The future looked dim in 1999 for the future of the Nixon Fork gold and copper mine, a remote underground hard-rock operation located about 35 miles northeast of McGrath in western Interior Alaska.
Back then, amid dropping gold and copper prices, the mine was put into care and maintenance by operator Real del Monte Mining Corp., which had acquired Nixon Fork the previous year from Nevada Consolidated, a company that first opened the hard-rock mine in 1995.
Eventually, Nixon Fork's underground mine and aboveground mill facilities were abandoned by trustees in a bankruptcy court case and the mining leases reverted back to original property owners-McGrath-area miners with historical ties to the property starting in the 1920s.
$10 MILLION INVESTED
Three years ago, the abandoned mine property and mining claims were acquired by Denver-based Mystery Creek Resources, a wholly owned subsidiary of publicly-traded, Toronto-based St. Andrew Goldfields Ltd.
Since then, as metal prices have continued to climb, Mystery Creek has conducted substantial exploration and development work, with the goal of restarting gold and copper production at Nixon Fork. Announcing plans earlier this year to spend up to $10 million on the shuttered property, Mystery Creek moved into the construction phase this past summer, after receiving state and federal permits to refurbish the facility and to restart underground mining.
In early September, Paul Jones, president of Mystery Creek, described work on-site as "hectic," with the goal of starting production in the last half of October.
"We've got a lot of development work going on underground and have started bringing out some ore," Jones said on Sept. 8. "The mill is still in reconstruction and we're picking up to a pretty high rate."
WORKERS ON-SITE
A work force of about 50 people are onsite at the remote operation, with about half of those construction workers and the other half new mine and mill employees. Once complete, Jones expects Nixon Fork to employ a crew of about 40 workers, working 12-hour shifts.
Ore at Nixon Fork averages a little more than one ounce of gold per ton of rock, and also contains significant amounts of copper and a small amount of silver. Silver content is roughly one ounce of silver for every ounce of gold, Jones said. The average estimated copper content in Nixon Fork ore has not been publicly revealed, although current plans call for an estimated 2,500 tons of copper concentrate to be generated annually, Jones said.

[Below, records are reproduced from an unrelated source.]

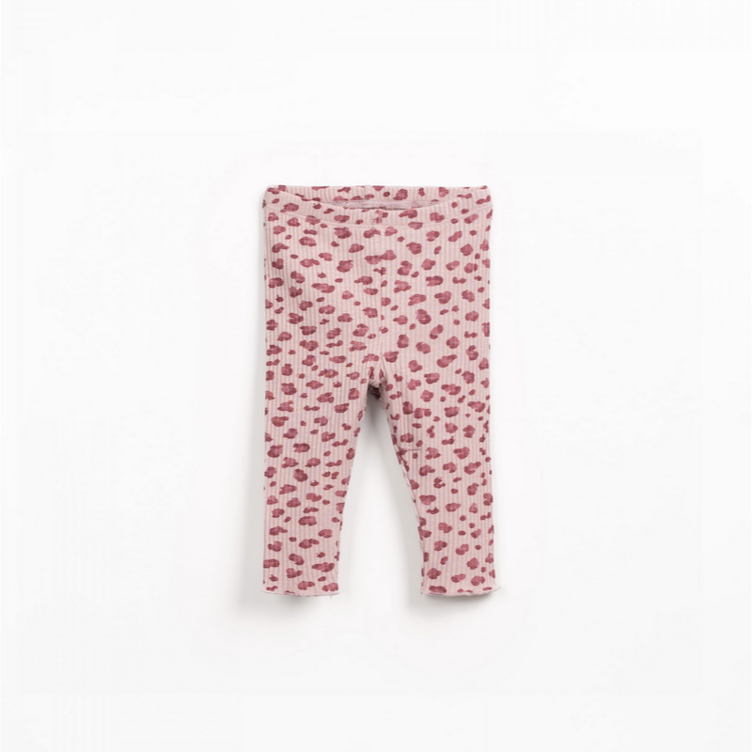 Leggings aus Bio-Baumwolljersey - PLAY UP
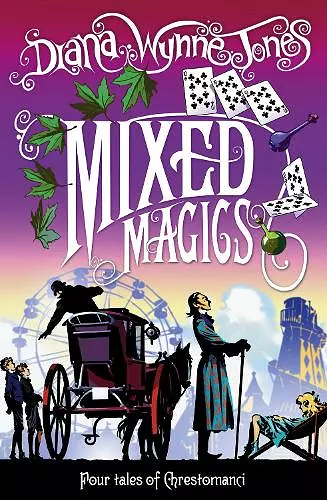 Mixed Magics cover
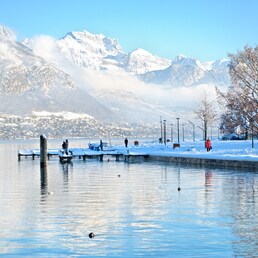 Hotele — Annecy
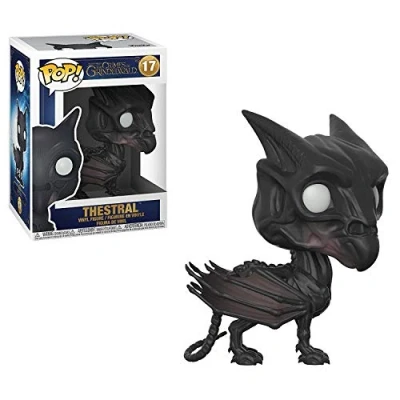 Afbeelding van Funko KNALLEN! FILMS: Fantastic Beasts 2 Thestral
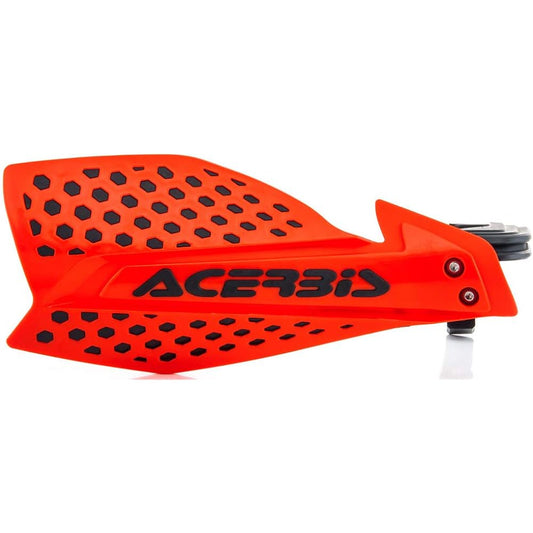 Acerbis 26454-81018 Ultimate X Hand Guard Red/Black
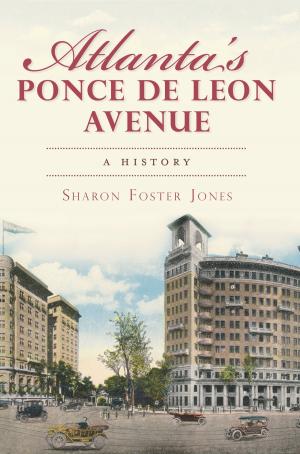 Book cover of Atlanta's Ponce de Leon Avenue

Mine crews will remove the high-grade underground ore and process it, producing gold dore bars and a copper concentrate on-site, both of which will be shipped out via air freight, similar to past operations at Nixon Fork.
Based on current geological estimates, drilling work has identified enough ore for a three- to four-year mine life, based on production of 150 tonnes of ore per day and a resource of 126,400 tonnes, containing an estimated 131,500 ounces of gold.
Nearby geological targets have received some attention, prospecting work that will resume after the mine restarts production, Jones said. "We've been focused on the immediate goal of mining ... we think we've got potential (to extend the mine life)."
An additional 30,000 ounces of gold is believed to be contained in tailings generated by previous operators at Nixon Fork. Mystery Creek plans to begin reprocessing those tailings through a cyanide leaching circuit to extract gold, a project originally planned to begin this summer, prior to production start of mine ore later this year.
THE WAITING GAME
But the company "missed the window of opportunity for reprocessing of tailings, "Jones said, and will wait until next summer to start that work. "The tailings average about one-quarter-ounce (of gold) per ton, and that's good ore in a lot of mines."
The existing gold resource at Nixon Fork includes some mineralization that lies below the existing water table, about 1,000 feet down from the mine's surface level. Accessing that ore is a technical issue the company is still working to resolve, which includes testing work that is in the process, Jones said.